Okay, I know you are trying to remember what an article is. “The” is a definite article. “A” and “an” are indefinite articles. “I am the way, the truth, and the life,” has a very different meaning than “I am a way, a truth, and a life,” or even “I am way, truth, and life.” Sometimes there is elegance in the indefinite, or even in the absence of an article.
John 14:6 is used often by Christian fundamentalists as irrefutable truth that Jesus and Christianity are the only path to salvation. I agree that the author of John, who most scholars do not believe would have been the disciple himself, had as his primary objective, making Jesus the Christ. Chapter 20 verses 30 and 31 even say, “Now Jesus did many other signs in the presence of his disciples, which are not written in this book, but these are written so that you may believe that Jesus is the Christ, the Son of God, and by believing you may have life in his name.”

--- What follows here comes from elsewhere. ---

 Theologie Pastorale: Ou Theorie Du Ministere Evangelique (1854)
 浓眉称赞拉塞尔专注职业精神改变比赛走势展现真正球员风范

And so, it is likely that the author meant exactly what he wrote. In the Greek original, the definite article “ho”, which is in the nominative singular feminine form (in case you were wondering), is clearly present. “I am the way, the truth, and the life.” However, there is no other way to say this in Greek. The indefinite article is seldom used and specifically means “one.” No clarification needed here.
Of course, we have no way of knowing whether or not Jesus actually said these words, especially to that specificity. The best guess of modern day biblical scholars is that he did not. The Jesus Seminar, which is a group of scholars who systematically analyze the Christian scriptures toward the goal of determining the authenticity of Jesus’ words, have come to the conclusion that almost none of the words attributed to Jesus in John, were actually uttered. John is a persuasive story toward a specific goal.
For arguments sake, let’s say that Jesus did say something about being way, truth, and life. Jesus may have understood and spoken the Greek that John was written in, the common language of the occupied land. However, his native tongue was almost certainly Aramaic, which is a Semitic language closer to Hebrew, and very different from Greek. There is also the 50-80 year gap of oral tradition between Jesus’ death and the time that John was likely written. But even if Jesus spoke the words, definite articles in Aramaic are even more troublesome. The definite article doesn’t really exist in Aramaic, but is embedded and expressed in the noun itself, which has three forms. A definite article is expressed via the emphatic form of the noun, but is not really so definite as in English. If that isn’t enough, ancient Aramaic and modern Aramaic (like English and most living languages) are different. Noun forms have changed over time. For example, emphatic (definite) nouns are more used in modern Aramaic than they were in biblical Aramaic. Regardless of what, if anything was said, it seems impossible to know definitively how definite Jesus was being here.
The point is that, without any articles at all, languages like Russian are actually more robust because meaning cannot be so clearly defined, or misinterpreted, with a single qualifier. Meaning must be derived in other ways like nuance, word order, emphasis, and more in-depth conversation. The meaning of “Ya yest’ put, i istina, i zhizn’,” requires more information to be fully understood.
Liberal expressions of faith are more like the indefinite article. We are not the way, the truth, and the life. We are more of a way, a truth and a life. But even the singular indefinite article is limiting. Liberal faith can also be lived as faith with no articles at all. And in that absence, I find even more strength. The Bible loses so much of its power if we limit it to a singular and definite meaning. When we say that there is only “the way, and the truth, and the life,” we seal revelation, and there is nothing new to learn. When there is nothing new to learn, put me in my grave. I’m done.
The Unitarian Universalist principles, for example, don’t say that we are have the truth or even a truth. They say, “free and responsible search for truth and meaning—no articles—just truth and meaning. How we define truth and meaning then requires more discussion and explanation and interpretation and even debate. Unitarian Universalism requires nuance, emphasis and more in-depth conversation. I actually believe all religions require this, because I don’t believe any sacred text can be taken at literal face value. Doing so might make it easier on our brains, but would sell the authors short. And Jesus said,
Do not let your hearts be troubled. Trust in God; trust also in me. In my Father’s house are many rooms; if it were not so, I would have told you. I am going there to prepare a place for you. I will come back and take you to be with me that you also may be where I am. You know the way to the place where I am going.
To be a person of faith who does not take the path of the definite article, one must have some comfort with ambiguity. One must be willing to work out truth and meaning with nuance, emphasis, and more in-depth conversation. Grammar matters.